Activist capmpaigns against Kenya’s amendment of forest protection laws
By Nneka Nwogwugwu
Simon Nganga, Kenya’s environment activist has campaigned against attempts to seize what’s left of the lush forest bordered by highways and housing estates.
Persistent efforts by developers and powerful individuals to seize chunks of the bush as their own were defeated under historic laws enacted to protect Kenya’s dwindling forests from unchecked logging and environmental destruction.
But a proposal expected before parliament on Thursday seeks a major change to these protections, by allowing politicians to determine if public forest can be carved out and handed over to private interests.

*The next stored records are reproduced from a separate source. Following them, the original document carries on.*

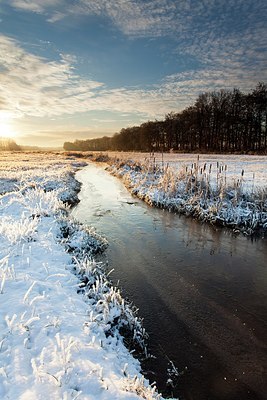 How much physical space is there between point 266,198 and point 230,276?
18.9 ft

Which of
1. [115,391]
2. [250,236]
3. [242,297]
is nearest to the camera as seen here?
[115,391]

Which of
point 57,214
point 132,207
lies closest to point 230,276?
point 57,214

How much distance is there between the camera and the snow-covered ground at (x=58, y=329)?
11.3 ft

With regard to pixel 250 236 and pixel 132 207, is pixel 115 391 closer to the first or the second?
pixel 250 236

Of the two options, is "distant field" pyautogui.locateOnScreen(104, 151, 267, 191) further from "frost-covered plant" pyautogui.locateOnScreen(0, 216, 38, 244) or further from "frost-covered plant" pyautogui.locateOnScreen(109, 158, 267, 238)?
"frost-covered plant" pyautogui.locateOnScreen(0, 216, 38, 244)

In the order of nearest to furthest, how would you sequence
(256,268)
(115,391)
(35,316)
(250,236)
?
(115,391)
(35,316)
(256,268)
(250,236)

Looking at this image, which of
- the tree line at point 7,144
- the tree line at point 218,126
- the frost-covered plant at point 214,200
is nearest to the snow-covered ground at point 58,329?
the frost-covered plant at point 214,200

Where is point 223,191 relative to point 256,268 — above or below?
above

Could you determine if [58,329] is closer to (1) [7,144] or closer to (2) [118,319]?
(2) [118,319]

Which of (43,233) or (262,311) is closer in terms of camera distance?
(262,311)

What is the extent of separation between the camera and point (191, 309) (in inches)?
247

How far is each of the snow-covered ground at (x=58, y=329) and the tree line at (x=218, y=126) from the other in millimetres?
40792

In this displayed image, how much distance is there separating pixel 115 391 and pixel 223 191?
36.8 ft

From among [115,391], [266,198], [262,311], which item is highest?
[266,198] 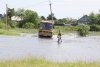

Under the contentious amendment, anyone wishing to alter forest boundaries to claim ownership of land could lobby parliament directly, bypassing approval from the Kenya Forest Service (KFS), which is currently mandated to scrutinise such bids.
“If it goes through… that will open a Pandora’s Box,” Nganga told AFP beneath the canopy of Ngong Road Forest, a 1,224-hectare (3,025-acre) tract of indigenous woodland inhabited by bush bucks, Sykes monkeys and over 100 species of birds.
“Everyone will want a piece of the forest, which is very dangerous for our forests, and our future.”
The amendment to the Forest Conservation and Management Act — reforms passed after decades of rampant land clearing — has been opposed by the environment ministry and the KFS, and has roused significant community anger.
It has also drawn rare criticism from the United Nations, which headquarters its environment programme in Nairobi, and is just weeks away from staging the world’s highest-level decision-making assembly on nature and biodiversity in the Kenyan capital.
The amendment argues that granting KFS primary authority over hearing and ruling on changes to forest boundaries “unnecessarily limits the right of any person to petition Parliament” as granted under the constitution.
Nganga said the forest laws had proved a bulwark against encroachment — since first passing in 2005, no land within Ngong Road Forest had been legally hived off, keeping its boundary firmly intact.